International -- The Stars of Europe -- Turnaround Artists
Marjorie Scardino (int'l edition)
CEO -- Pearson -- Britain
In the fall of 1996, Pearson PLC was a struggling company with some great assets but little focus. Its stock had been pounded by City of London investors impatient with Pearson's frequent earnings surprises and grab bag of holdings. Looking for a break from the past, the board offered the top job to Marjorie Scardino, a little-known American who was then running the Economist Group, which is 50% owned but not managed by Pearson. Although concerned about the glare of publicity that comes from running a big media company, she accepted the challenge.
It has been a good move for her and for Pearson. Scardino, 53, has presided over a remarkable turnaround: She has shed such superfluous assets as Tussaud's and Pearson's stake in the Lazard investment banks. At the same time, she has built on the company's strengths in financial information and newspapers. She has invested in the Financial Times in the U.S., started a German edition with Bertelsmann, and solidified Pearson's control of Spain's Recoletos newspaper group.
Her maneuvering has made Pearson a strong global contender in financial news, on a par with Dow Jones & Co. Pearson has also become a major player in educational publishing, thanks to its purchase of Simon & Schuster's educational publishing business from Viacom in May 1998 for $4.6 billion--one of Scardino's biggest moves.
That doesn't mean Scardino is ignoring new media. The Financial Times recently rolled out a new Web site, FT.com, and Pearson has invested in various new media ventures, many of them in California. Scardino recently agreed to combine Pearson Television, which produces The Price Is Right and the popular serial Baywatch, with the broadcasting interests of Bertelsmann and Belgium's Albert Frere. The venture would be Europe's largest broadcasting operation, with $3.6 billion in revenues.

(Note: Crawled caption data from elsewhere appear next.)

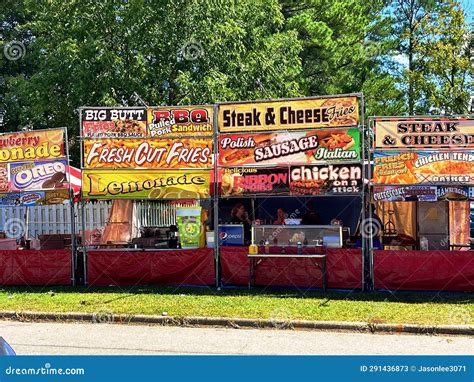 Food stalls editorial stock photo. Image of tree, vehicle - 291436873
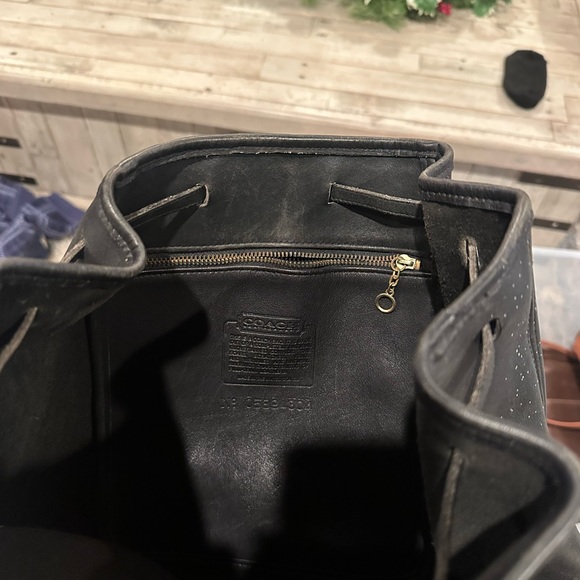 🖤🎒Vintage Coach drawstring backpack🎒🖤 - Picture 3 of 3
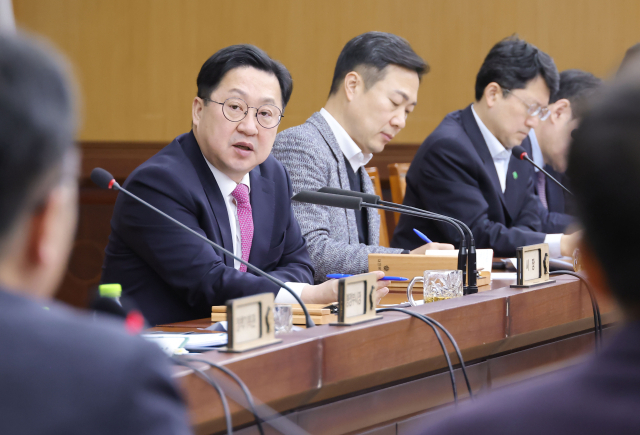 이장우 대전시장은 24일 주재한 주간업무회의에서 ‘시민 체감형 정책’인 하천 정비사업과 주차 문제 해소 등의 필요성을 강조했다. 대전시 제공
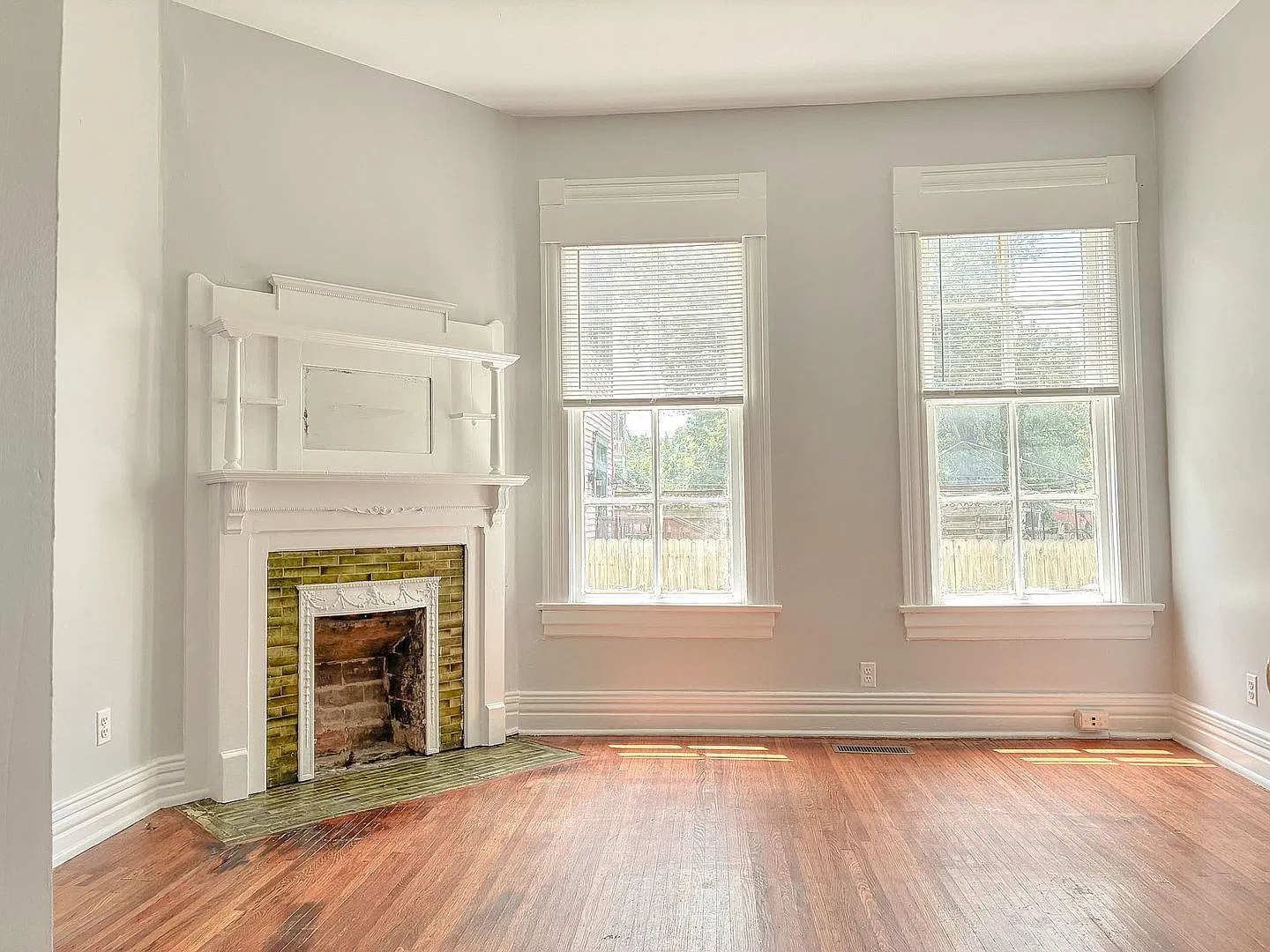 1406 S. 1st Street — Photo 3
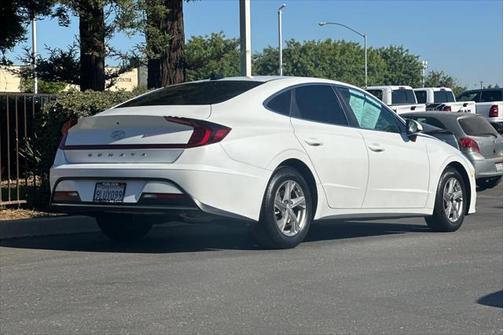 2020 Hyundai SONATA SE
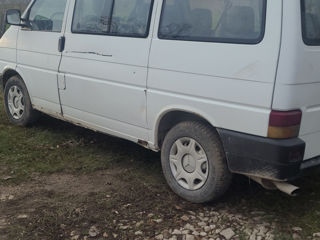 Volkswagen Caravelle foto 3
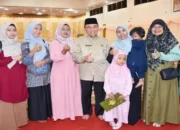Wawako Padang Serahkan Santunan untuk 109 Anak Yatim di Masjid Ukhuwah Balai Kota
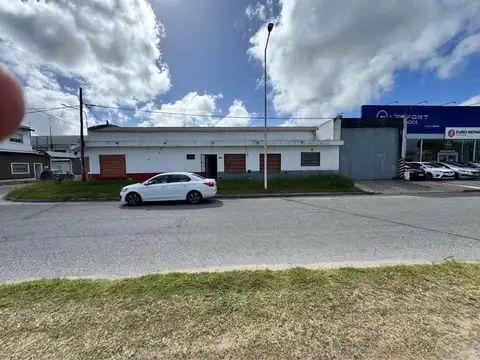 oportunidad en Tandil Galpon con local comercial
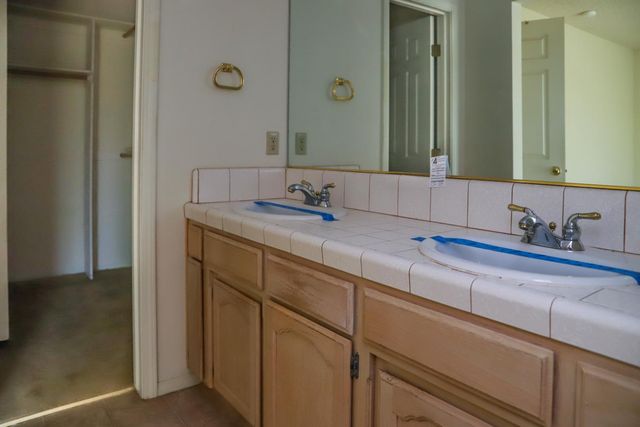 6490 N Mitre Avenue, Fresno, CA 93722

Although Scardino still has a trace of Texarkana in her voice, she has adapted well to her adopted European home. She once said that when she first walked into a British boardroom, she felt like a "Dallas Cowboys cheerleader." But now she's a big hit in the City. Since she took over in late 1996, Pearson's stock price is up 136%. Sales have risen 175% to $4.85 billion and profits have more than doubled to $864 million over the same period. The big challenge now will be keeping up the pace.